HILL: Where would people turn if America no longer existed?

FILE - In this Wednesday, June 30, 2021 file photo, a U.S. flag flies with the sun in the background. (AP Photo/Ted S. Warren, File)

Best-selling author Douglas Murray spoke at the UNC Free Speech Alliance kickoff event last week co-sponsored by the Common Sense Society on the Chapel Hill campus. The title of his address was “Free Speech in the West.” 

We will settle for free speech at Carolina to begin with. The rest of western civilization can come next. 

Advertisements

As he ruminated about various falsehoods about America’s past which have been propagated by the activist left and mainstream media types, he posited one profound and troubling question for everyone to consider: 

“Where would people turn if America no longer existed?” 
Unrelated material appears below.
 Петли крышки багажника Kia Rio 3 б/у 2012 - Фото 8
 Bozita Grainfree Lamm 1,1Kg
It may seem like an idle comment from an idealistic apologist for the Great American Experiment ― but it is not.  As much as the radical left wants to tear down America and every historic proponent of American values in the past, Murray pointed out they never provide any vision for what they want to replace our current democratic republican form of government and capitalist economy. 

Where would such rebels, revolutionaries and nihilists get their ideas and philosophies for setting up the Second America if they succeed? 
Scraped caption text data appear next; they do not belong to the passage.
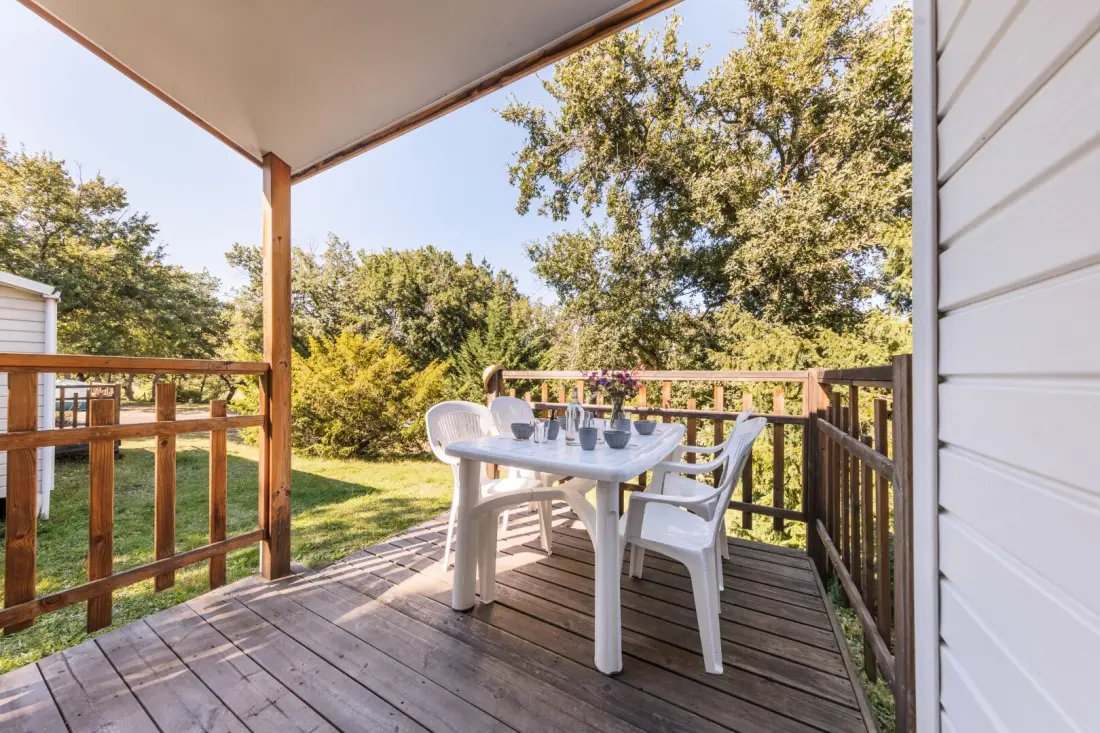 Camping maeva Respire de La Croze 3 étoiles★★★
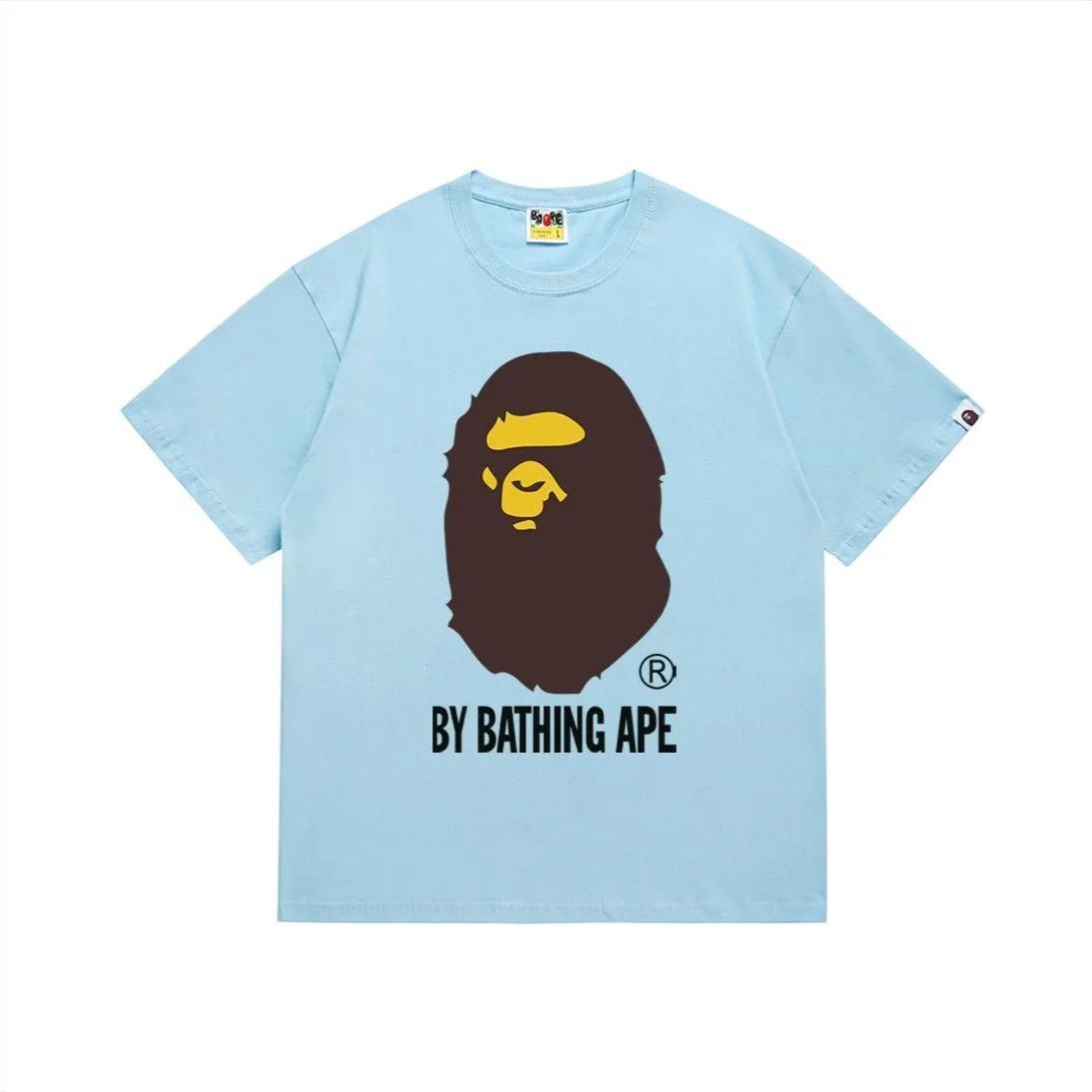 新品　A BATHING APE Bape tee  Tシャツ 半袖  男女兼用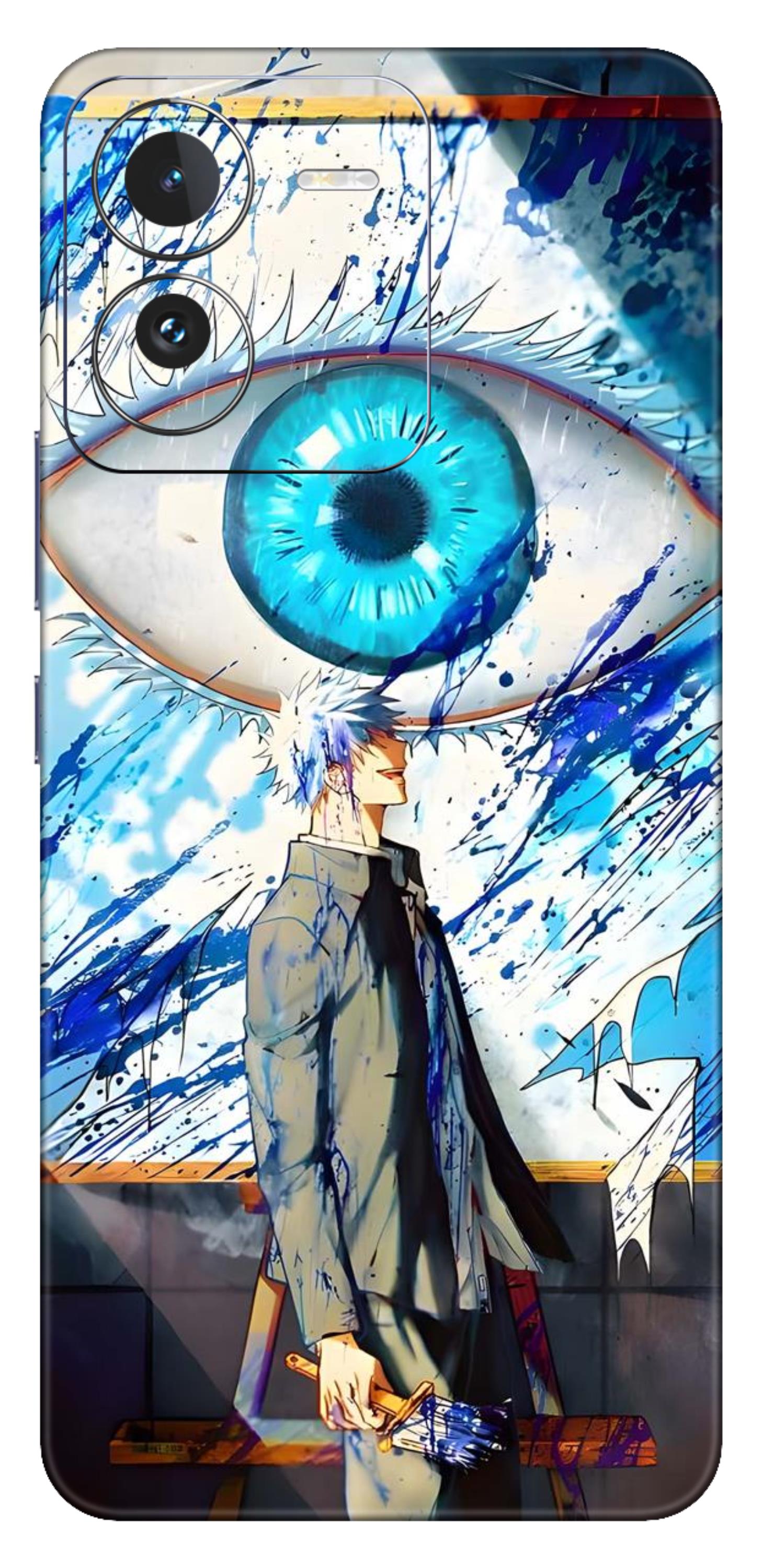 iQOO Z9 5G Skins and Wraps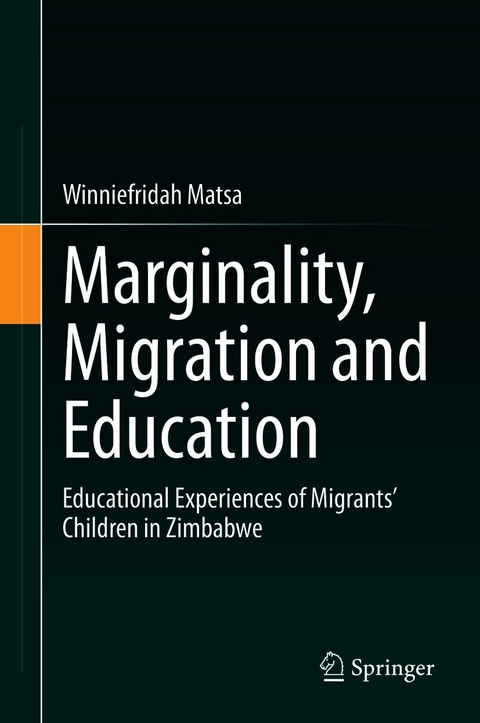 Marginality, Migration and Education - Winniefridah Matsa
We already know they would turn to the writings of Karl Marx. BLM and any number of far-Left socialist activist organizations in America openly confirmed their reliance on communist ideology until they erased it from their websites. Their words and actions, however, can’t erase what they really believe. 

Would these rebels turn to China for inspiration for the New America they envision? If any culture’s history confirms Winston Churchill’s observation in the House of Commons in 1945: “The inherent virtue of Socialism is the equal sharing of miseries”, then it is most definitely China. Hundreds of millions of Chinese have been murdered by the communist leaders of China since World War II. “Human rights” and “civil justice” are two treasured American values one never hears associated with Chinese history which spans close to 5000 years. 
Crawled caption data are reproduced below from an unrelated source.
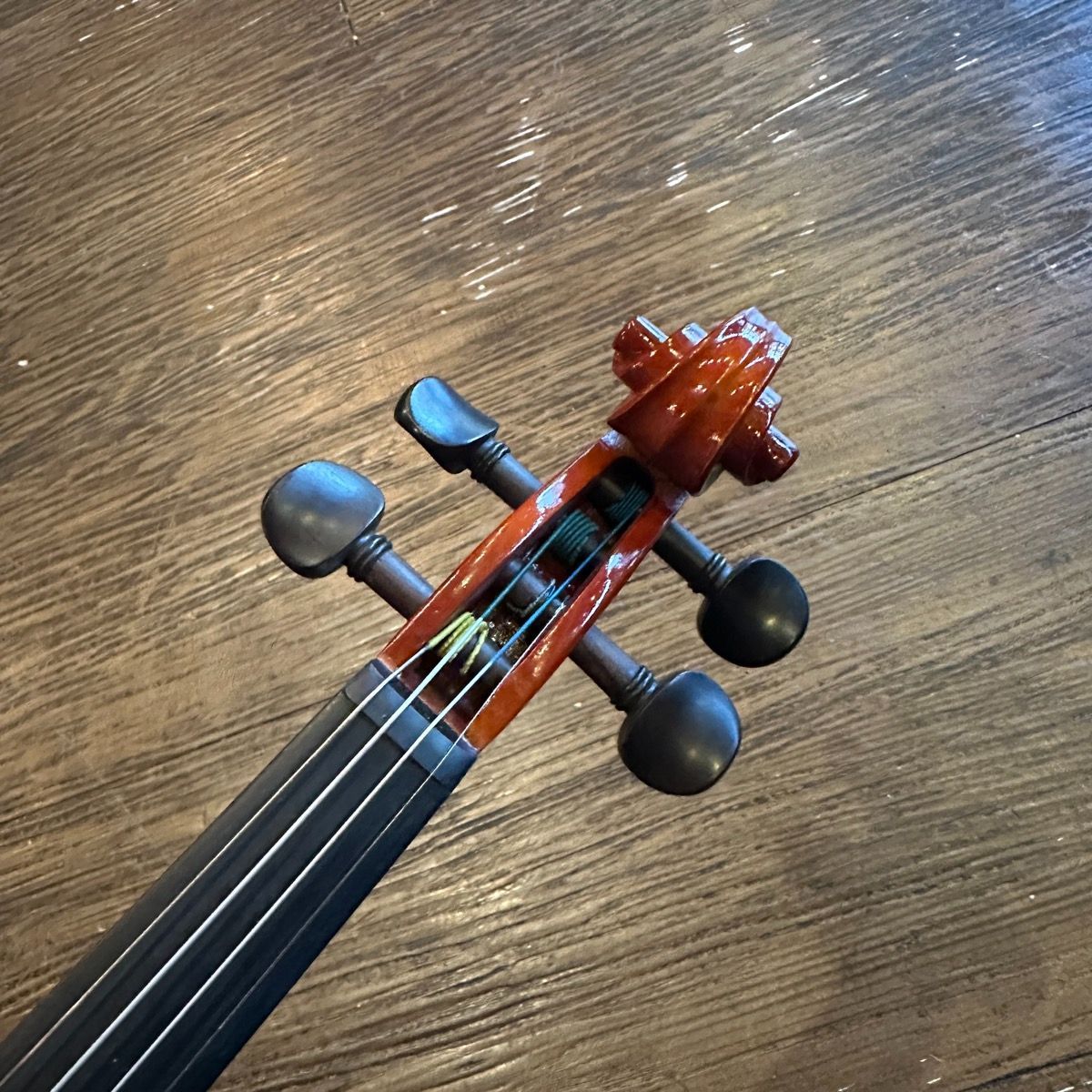 Carlo giordano VS-1 2017年製 4/4 Violin カルロジョルダーノ バイオリン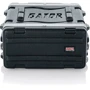 Кейс для рекового оборудования GATOR GRR-4L - 4U Audio Rack (Rolling) фото 7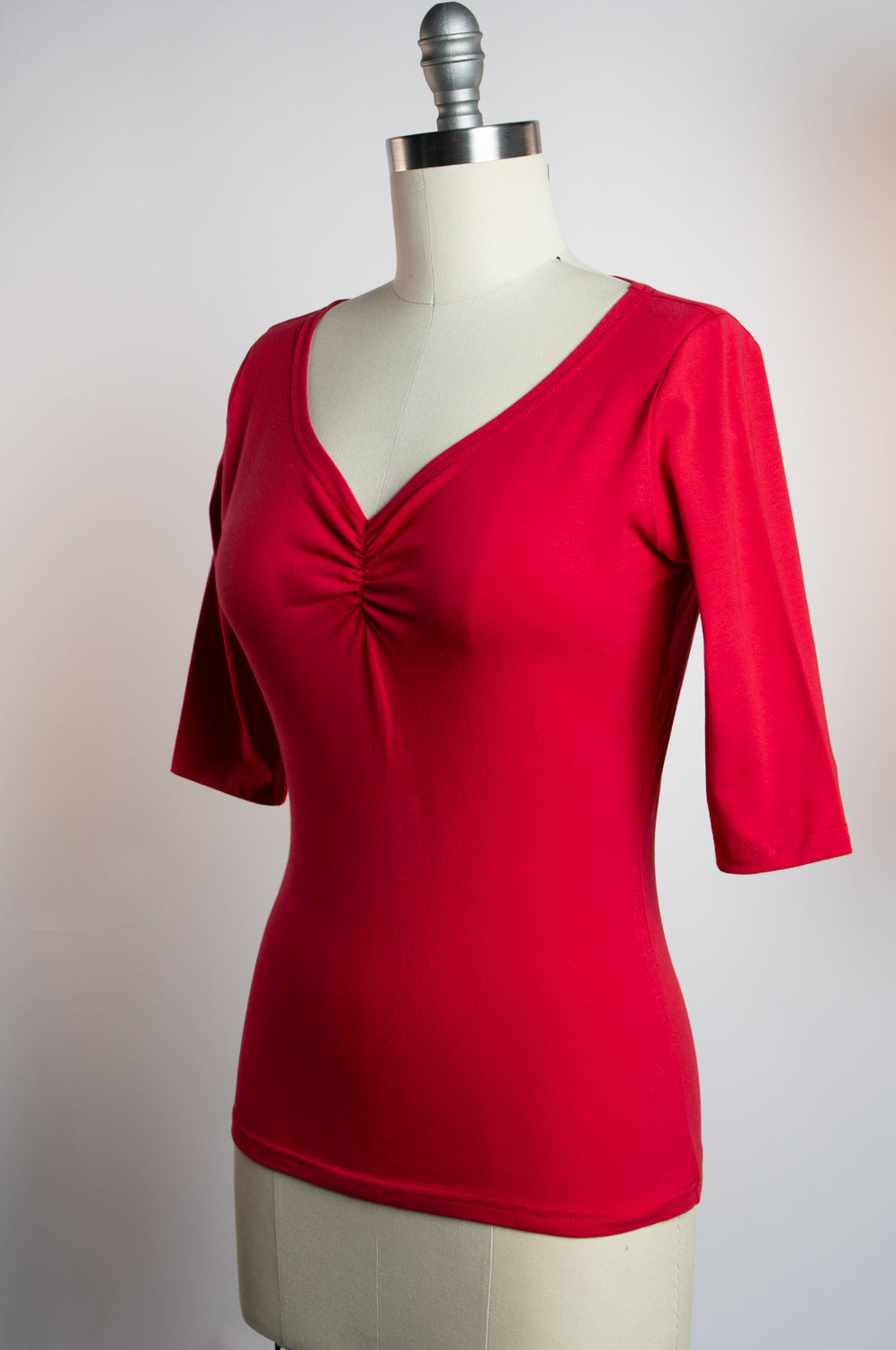 Terri Top - Red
How about Russia? Vladimir Putin reminds the world on a daily basis how ruthless Russian tsars, princes and communist dictators have been throughout history. Russia is headed toward becoming a third-world country with an annual GDP far below Texas and declining birth rates which may cut its population by 30% by 2050. 

No sane person wants to leave America and live in Russia. For good reason. 

How about Germany, the economic powerhouse engine of the European Union? Murray pointed out Germans are the only people with words that connote the sense of “the weight of history” such as Vergangenheitsbewältigung (reckoning with the past) and Gesellschaftsgeschichte (the history of society). It is hard to look towards German thought and philosophy as models for a New America when they can’t even understand how and why their parents and grandparents allowed a maniac like Hitler to gain power and exterminate six million Jews ― and no one stopped him. 

Anyone want to live under strict Sharia law as many Muslim theocracies do? Limited, if any, rights for women; persecution of homosexuals; strict religious dictatorial control by the ruling mullahs and ayatollahs ― if you want to live under those conditions, count me out. 

How about any of the basket-case socialist or communist economies such as North Korea, Cuba or Venezuela? I asked a young Venezuelan who emigrated to the US in 2016 what he thought of the 155% annual inflation rate now happening in his home country. “Well, it is not too bad ― last year, it was 350% and in 2019, it was 35,000%. So by comparison, today looks pretty good.” 

None of these examples from other countries or cultures are very appealing to the average American. None of them represent the treasured values of freedom we take for granted in America under the banner of life, liberty and the pursuit of happiness. 

In 1995, I went to Estonia to speak to their newly-formed independent government. I took along a copy of James Madison’s “Notes on the Constitution” to give to the leader in the Estonian parliament. His eyes started to well with tears. He thanked me profusely for the gift and then said: “You Americans will never know how important the gift of freedom America represents to us Estonians. Without your example of hope, we would never have survived these many decades of Soviet oppression. We always wanted the freedom Americans had.” 

We don’t know how exceptional America is because we have never lost our freedoms to a dictator or socialist control. We have to follow the wisdom of Abraham Lincoln when he sent this message to Congress a month before issuing the Emancipation Proclamation: 

“We know how to save the Union. The world knows we do know how to save it. We — even we here — hold the power, and bear the responsibility. We shall nobly save, or meanly lose, the last best hope of earth. The way is plain, peaceful, generous, just — a way which, if followed, the world will forever applaud, and God must forever bless.”